The vast majority of workers and youth are fed up with the establishment political parties and angry about the deteriorating social and economic conditions of their life. If our fellow workers are able to unite against the poisons of racism and national chauvinism – and can join together to fight for jobs, social services, etc. – a powerful struggle against the capitalist ruling class could develop. Such a struggle could demand that society meet people’s needs, including jobs for all at decent wages and social benefits – instead of fighting among ourselves for scraps and crumbs. Revolutionary-minded workers and youth who promote internationalist socialism as the real answer to the evils of capitalism will have an important role to play in leading such struggles in the future.
Right now these ideas can sound like dreams. But in other parts of the world there are already many examples of working people rising up and actively searching for a way forward. There are major militant strikes in China, South Africa, Argentina and Egypt, just to name a few examples. Here in the U.S. it is rather quiet, but it won’t stay that way for much longer. It is only a matter of time before workers and youth begin to rebel in large numbers. A prime example took place just eight years ago. In 2006, there was in fact a mass movement of millions of immigrant workers on U.S. soil. And it seemed to arise out of nowhere.

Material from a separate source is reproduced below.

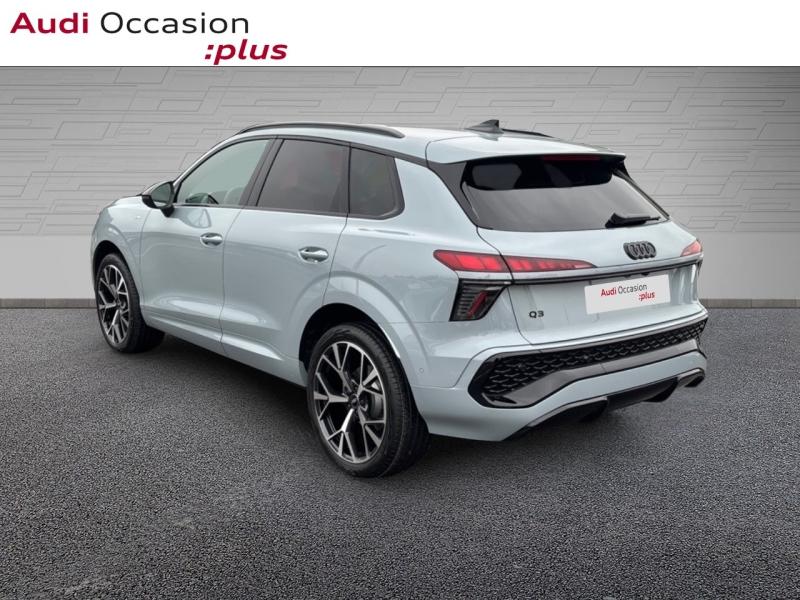 Voitures occasions Audi Q3 S line Thionville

Not only did that movement win its immediate goal of defeating the racist anti-immigrant Sensenbrenner bill. The huge rallies, marches and strikes dared to raise the bold proposition that all immigrant workers deserved amnesty and equal rights with other workers in this country. Indeed such ideas, which are now hardly even talked about in immigrant activist circles, were popular not that long ago. But the movement was betrayed and misled into depending on the promises of the imperialist Democratic Party and on leaders of the trade unions and other mainstream organizations who are totally tied to the Democrats.
In fact, because a fighting strategy based on working-class independence, unity and organization was not forged, the capitalist politicians were able to take charge and mislead the movement – even though they had not created it in the first place. The movement was diverted onto the passive and futile track of voting for Democratic Party politicians under the promise that this would lead to the passage of so-called “Comprehensive Immigration Reform” (CIR).
This kind of scenario however is not unique to immigrants. A similar trap was laid in the past for militant Black struggles, union struggles and other efforts by working-class people to fight for their interests. Any struggle that threatens the fundamental ways in which the capitalists run their profit-making system is going to face major attempts at co-optation by reformist leaders.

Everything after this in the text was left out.